(1.) BY this reference under Section 256(1) of the Income -tax Act, 1961, the following question has been referred to this court: Whether, on the facts and circumstances of the case, the Tribunal was justified in law to hold that the abandonment of Rs. 1,99,211 which is the share of the investment allowance reserve by the assessee in favour of the firm, i.e., M/s. Kapoor Brothers is not a deemed gift under Section 4(1)(c) of the Gift -tax Act?
(2.) THE facts of the case lie in a narrow compass: The assessee was a partner in the registered firm M/s. Kapoor Brothers having a one -fifth share in the profit or loss of the said firm. The assessee retired from the partnership firm with effect from April 1, 1986, and on the date of retirement, the credit balance in the capital account of the firm was Rs. 2,11,637 which was transferred to the unsecured loan account. The assessee received his share from the capital assets of the firm. However, he did not claim his share in the investment allowance reserve which amounts to Rs. 1,99,211. The case of the assessing authority was that the assessee relinquished his claim to the extent of Rs. 1,99,211 which was his share in the investment allowance reserve. The assessing authority, therefore, treated this amount as deemed gift under Section 4(1)(c) of the Gift -tax Act and held that the assessee was liable to pay tax on the said amount. Aggrieved by the said order, the assessee preferred an appeal before the Commissioner of Income -tax (Appeals), Ranchi, in short 'the CIT (Appeals)'. After hearing the parties, the appellate authority took the view that the aforesaid sum of Rs. 1,99,211 shall not be treated as deemed gift.
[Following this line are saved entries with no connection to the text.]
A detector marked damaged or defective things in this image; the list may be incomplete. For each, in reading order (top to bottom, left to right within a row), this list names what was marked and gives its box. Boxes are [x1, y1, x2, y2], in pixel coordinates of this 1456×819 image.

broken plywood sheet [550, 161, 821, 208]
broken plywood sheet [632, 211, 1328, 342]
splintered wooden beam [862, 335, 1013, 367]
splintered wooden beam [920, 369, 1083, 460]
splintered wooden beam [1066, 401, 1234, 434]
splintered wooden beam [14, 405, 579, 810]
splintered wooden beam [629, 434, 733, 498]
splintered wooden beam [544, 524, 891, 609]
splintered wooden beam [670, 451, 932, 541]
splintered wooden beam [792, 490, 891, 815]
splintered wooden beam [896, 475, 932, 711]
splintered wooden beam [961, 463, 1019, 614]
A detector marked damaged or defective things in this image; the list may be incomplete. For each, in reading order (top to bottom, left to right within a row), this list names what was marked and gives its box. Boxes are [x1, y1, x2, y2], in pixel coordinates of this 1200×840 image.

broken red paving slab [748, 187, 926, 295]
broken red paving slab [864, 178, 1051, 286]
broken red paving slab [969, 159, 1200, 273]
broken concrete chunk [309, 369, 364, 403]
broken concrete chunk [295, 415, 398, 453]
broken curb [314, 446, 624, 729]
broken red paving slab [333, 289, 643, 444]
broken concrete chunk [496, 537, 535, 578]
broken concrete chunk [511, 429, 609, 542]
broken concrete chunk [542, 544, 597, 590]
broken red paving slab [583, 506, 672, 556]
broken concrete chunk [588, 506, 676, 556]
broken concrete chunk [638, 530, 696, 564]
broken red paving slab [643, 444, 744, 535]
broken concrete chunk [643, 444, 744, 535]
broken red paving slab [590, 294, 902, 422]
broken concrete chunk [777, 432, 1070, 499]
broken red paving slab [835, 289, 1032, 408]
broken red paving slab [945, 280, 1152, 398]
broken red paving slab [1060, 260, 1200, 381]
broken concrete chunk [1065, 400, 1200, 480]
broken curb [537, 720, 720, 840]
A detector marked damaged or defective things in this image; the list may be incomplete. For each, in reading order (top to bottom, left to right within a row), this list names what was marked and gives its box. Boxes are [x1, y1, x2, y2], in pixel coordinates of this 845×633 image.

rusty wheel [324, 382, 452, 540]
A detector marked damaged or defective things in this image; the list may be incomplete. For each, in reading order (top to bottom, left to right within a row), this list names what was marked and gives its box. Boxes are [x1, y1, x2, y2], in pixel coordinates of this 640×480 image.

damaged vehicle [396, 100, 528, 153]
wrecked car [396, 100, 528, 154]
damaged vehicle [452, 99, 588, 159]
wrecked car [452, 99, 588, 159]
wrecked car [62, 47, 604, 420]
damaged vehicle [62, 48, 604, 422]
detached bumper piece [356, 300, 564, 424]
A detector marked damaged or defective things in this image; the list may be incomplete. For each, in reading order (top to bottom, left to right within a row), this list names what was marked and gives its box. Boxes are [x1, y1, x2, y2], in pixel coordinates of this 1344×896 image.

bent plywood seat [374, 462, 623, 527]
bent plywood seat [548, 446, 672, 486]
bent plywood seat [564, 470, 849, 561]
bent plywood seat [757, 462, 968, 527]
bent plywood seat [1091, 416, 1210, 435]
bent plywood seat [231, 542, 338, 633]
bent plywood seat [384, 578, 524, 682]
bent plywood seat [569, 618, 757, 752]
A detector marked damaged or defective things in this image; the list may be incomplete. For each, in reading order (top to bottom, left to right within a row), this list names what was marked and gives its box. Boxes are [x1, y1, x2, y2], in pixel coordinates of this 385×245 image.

Consequently, the appeal was allowed and the order of the assessing authority was set aside. The Revenue authority preferred second appeal before the Income -tax Appellate Tribunal. The Tribunal in its orders, has observed that the Department has failed to convince as to how the investment allowance reserve was an asset or a property and how upon retirement by the appellant from the partnership firm, there has been relinquishment in such an asset. The Tribunal further held that the Revenue authority has failed to prove the presence of essential ingredients laid down under Section 4(1)(c) of the Gift -tax Act so as to make the assessee liable for payment of tax on the said amount.
(3.) THERE is no dispute that after retirement from the partnership firm, the assessee received his share from the credit balance in the capital account. Mr. Jhunjhunwala, learned Counsel appearing for the appellant, is unable to satisfy us that the investment allowance reserve is also an asset of the firm and in the event of retirement, the partner is entitled to receive his share from the investment allowance reserve also.